| What is needed |
Take the data below and copy exactly the lines starting at the one with "Unnati Silks Blue" and finishing at the one with "Wonder Nation Organic", both included.

| Data for review |
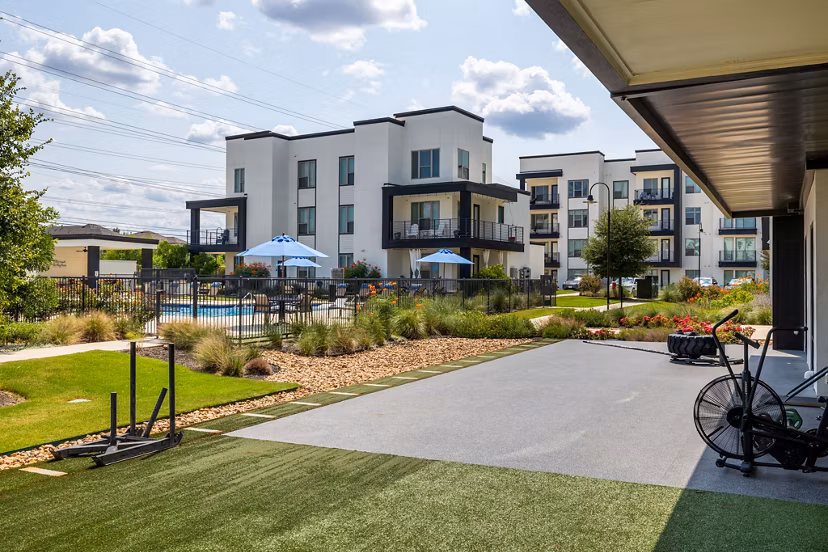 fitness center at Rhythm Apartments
...
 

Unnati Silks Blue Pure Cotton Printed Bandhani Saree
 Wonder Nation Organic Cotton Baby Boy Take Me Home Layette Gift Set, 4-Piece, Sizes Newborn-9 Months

| Response to this task |
Unnati Silks Blue Pure Cotton Printed Bandhani Saree
 Wonder Nation Organic Cotton Baby Boy Take Me Home Layette Gift Set, 4-Piece, Sizes Newborn-9 Months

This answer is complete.